What’s in the package: Simplified primary dealer procedures, measures to get more banks into the primary market, new incentives that are still being finalized, and a tech upgrade to link trading, settlement, and clearing systems, we’re told. The Egyptian Exchange is separately working to boost liquidity and pricing efficiency — and bring in new investors — for government bonds and T-bills, EGX chief Islam Azzam said at a conference this week. Average daily trading in the secondary market has already hit EGP 60 bn, according to Azzam.
The goal here is to reward primary dealers who attract long- and medium-term institutional capital as officials try to turn the local debt market into a more-structural asset class rather than a high-yield playground.

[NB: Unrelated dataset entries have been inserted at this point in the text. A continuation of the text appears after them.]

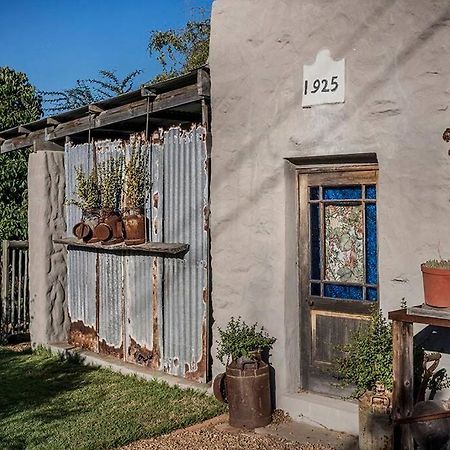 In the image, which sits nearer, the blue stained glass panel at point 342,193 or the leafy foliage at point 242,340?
the blue stained glass panel at point 342,193

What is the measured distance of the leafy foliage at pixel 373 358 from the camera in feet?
15.6

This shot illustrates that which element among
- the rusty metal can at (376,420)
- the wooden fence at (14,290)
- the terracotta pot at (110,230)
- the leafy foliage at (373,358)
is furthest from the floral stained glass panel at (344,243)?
the wooden fence at (14,290)

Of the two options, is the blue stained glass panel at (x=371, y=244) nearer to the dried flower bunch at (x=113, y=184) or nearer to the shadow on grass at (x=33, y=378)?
the shadow on grass at (x=33, y=378)

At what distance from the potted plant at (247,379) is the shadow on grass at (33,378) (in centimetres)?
169

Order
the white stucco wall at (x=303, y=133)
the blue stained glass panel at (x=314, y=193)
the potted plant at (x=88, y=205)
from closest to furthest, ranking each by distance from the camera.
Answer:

New instruments on the way: The Ministry is also planning to launch a retail debt market for the first time next year, we’re told, adding to its recent rollout of sovereign sukuk, zero-coupon bonds, and floating-rate notes.
Background: The Finance Ministry launched Egypt’s first-ever local sovereign sukuk in October. The program’s second issuance in mid-November was 11x oversubscribed, prompting the Ministry to increase its December issuances — the third tranche raised EGP 5.5 billion. The sukuk program targets EGP 200 billion by June 2026.
Why it matters: The reforms are designed to support our bid to rejoin JPMorgan’s local-currency EM bond index, from which we were turfed in 2024 when the FX crisis blocked hot-money investors from getting out of the market. Officials at FinMin are also looking to stretch out the maturity profile of Egypt’s debt stock.
When’s it happening? Look for piecemeal implementation over at least a year, the official told us, alongside the rate cuts most market watchers expect in 2026.
Who’s working on it: The Finance Ministry is working with the Central Bank and the Financial Regulatory Authority on the new framework, which aims to boost liquidity in the debt market while attracting longer-term investors.